── THE DATA

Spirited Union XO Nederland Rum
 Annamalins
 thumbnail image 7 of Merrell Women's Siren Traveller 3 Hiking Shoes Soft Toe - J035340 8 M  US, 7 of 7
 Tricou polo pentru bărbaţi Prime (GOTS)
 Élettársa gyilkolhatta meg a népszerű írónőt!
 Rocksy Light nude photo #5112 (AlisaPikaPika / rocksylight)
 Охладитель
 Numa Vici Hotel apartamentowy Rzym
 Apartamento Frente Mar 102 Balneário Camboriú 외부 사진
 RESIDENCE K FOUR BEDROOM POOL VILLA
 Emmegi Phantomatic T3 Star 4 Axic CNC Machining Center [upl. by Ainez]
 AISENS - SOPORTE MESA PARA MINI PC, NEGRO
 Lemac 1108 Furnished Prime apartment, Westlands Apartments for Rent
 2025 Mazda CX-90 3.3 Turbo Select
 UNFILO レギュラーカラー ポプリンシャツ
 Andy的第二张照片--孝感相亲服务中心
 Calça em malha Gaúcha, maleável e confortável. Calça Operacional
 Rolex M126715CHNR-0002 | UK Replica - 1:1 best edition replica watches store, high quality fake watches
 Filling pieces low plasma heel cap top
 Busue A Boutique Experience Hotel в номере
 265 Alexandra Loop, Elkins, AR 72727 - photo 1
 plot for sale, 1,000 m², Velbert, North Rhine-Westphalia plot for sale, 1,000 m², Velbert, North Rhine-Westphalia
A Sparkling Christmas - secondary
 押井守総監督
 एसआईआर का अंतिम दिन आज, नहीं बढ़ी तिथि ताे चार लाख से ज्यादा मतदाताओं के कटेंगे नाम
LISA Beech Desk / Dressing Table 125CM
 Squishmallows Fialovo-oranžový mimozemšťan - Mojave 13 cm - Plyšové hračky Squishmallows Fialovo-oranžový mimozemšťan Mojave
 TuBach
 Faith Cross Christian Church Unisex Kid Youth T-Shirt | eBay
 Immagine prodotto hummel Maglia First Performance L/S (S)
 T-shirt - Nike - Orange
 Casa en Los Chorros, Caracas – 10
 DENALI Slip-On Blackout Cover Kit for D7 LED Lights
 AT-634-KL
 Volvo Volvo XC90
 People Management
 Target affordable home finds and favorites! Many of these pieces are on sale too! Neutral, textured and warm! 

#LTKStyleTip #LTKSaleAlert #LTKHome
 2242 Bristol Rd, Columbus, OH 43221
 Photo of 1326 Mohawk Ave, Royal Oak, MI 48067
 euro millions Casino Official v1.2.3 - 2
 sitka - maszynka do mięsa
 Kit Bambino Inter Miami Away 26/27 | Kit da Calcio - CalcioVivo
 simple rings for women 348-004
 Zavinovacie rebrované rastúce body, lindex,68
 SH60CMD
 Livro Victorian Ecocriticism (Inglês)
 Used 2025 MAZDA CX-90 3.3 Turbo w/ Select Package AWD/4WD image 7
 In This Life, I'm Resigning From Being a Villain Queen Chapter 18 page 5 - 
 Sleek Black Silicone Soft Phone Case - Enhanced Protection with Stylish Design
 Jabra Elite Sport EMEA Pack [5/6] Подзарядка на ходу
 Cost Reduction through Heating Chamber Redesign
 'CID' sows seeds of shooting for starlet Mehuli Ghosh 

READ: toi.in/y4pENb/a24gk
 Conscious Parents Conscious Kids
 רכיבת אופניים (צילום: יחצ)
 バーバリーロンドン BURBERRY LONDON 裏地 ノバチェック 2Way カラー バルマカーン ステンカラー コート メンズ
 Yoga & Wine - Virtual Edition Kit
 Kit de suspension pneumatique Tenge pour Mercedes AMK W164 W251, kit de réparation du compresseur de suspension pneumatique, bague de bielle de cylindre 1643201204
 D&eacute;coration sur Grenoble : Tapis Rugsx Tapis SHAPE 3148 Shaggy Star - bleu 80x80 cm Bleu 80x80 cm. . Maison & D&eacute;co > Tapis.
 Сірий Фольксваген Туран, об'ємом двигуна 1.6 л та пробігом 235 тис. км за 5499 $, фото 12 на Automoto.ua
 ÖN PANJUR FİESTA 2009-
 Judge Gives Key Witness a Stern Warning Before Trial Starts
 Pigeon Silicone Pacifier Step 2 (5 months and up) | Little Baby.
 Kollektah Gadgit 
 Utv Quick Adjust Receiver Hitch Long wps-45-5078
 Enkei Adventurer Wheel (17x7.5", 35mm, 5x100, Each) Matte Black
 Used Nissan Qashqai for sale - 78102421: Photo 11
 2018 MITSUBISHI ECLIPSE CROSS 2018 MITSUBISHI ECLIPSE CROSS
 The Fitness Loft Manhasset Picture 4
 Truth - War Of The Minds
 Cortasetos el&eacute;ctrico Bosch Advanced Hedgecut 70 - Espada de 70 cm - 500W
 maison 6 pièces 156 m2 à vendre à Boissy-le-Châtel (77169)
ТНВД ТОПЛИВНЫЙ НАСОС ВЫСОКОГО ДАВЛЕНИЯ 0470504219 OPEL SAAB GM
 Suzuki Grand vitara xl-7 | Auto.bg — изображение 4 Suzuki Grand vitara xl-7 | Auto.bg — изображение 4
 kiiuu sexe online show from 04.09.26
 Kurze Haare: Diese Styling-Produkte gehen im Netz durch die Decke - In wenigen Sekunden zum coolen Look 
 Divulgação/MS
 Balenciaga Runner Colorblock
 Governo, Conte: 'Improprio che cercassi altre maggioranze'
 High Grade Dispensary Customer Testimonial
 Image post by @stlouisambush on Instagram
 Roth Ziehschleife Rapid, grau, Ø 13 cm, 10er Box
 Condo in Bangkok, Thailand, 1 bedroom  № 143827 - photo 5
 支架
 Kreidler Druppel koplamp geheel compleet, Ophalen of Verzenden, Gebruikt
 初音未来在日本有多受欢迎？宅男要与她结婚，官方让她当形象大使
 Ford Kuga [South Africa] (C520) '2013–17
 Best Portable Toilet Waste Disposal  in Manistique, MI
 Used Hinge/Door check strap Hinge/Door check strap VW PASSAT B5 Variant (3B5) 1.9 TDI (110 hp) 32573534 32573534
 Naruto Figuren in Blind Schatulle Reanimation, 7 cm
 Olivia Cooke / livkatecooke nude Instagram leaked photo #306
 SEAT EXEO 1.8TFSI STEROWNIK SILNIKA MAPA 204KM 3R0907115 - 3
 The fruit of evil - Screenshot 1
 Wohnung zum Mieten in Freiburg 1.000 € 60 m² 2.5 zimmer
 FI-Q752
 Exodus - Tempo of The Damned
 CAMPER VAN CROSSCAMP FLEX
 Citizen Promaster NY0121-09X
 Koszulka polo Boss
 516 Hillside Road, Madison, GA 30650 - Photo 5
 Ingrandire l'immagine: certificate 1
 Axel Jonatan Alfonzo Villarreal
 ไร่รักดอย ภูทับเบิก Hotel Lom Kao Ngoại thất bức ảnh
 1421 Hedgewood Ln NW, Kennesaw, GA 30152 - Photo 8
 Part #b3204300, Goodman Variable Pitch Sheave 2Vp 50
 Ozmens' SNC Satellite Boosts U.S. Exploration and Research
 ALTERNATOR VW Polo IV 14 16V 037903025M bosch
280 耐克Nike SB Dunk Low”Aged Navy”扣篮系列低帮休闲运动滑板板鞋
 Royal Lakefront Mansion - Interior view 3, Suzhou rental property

────

WHAT YOU WILL DO » The lines above from the one with "Used Hinge/Door check" through the one with "Olivia Cooke /" are to be duplicated exactly, ends included, with nothing added.

COMPLETED TASK »
 Used Hinge/Door check strap Hinge/Door check strap VW PASSAT B5 Variant (3B5) 1.9 TDI (110 hp) 32573534 32573534
 Naruto Figuren in Blind Schatulle Reanimation, 7 cm
 Olivia Cooke / livkatecooke nude Instagram leaked photo #306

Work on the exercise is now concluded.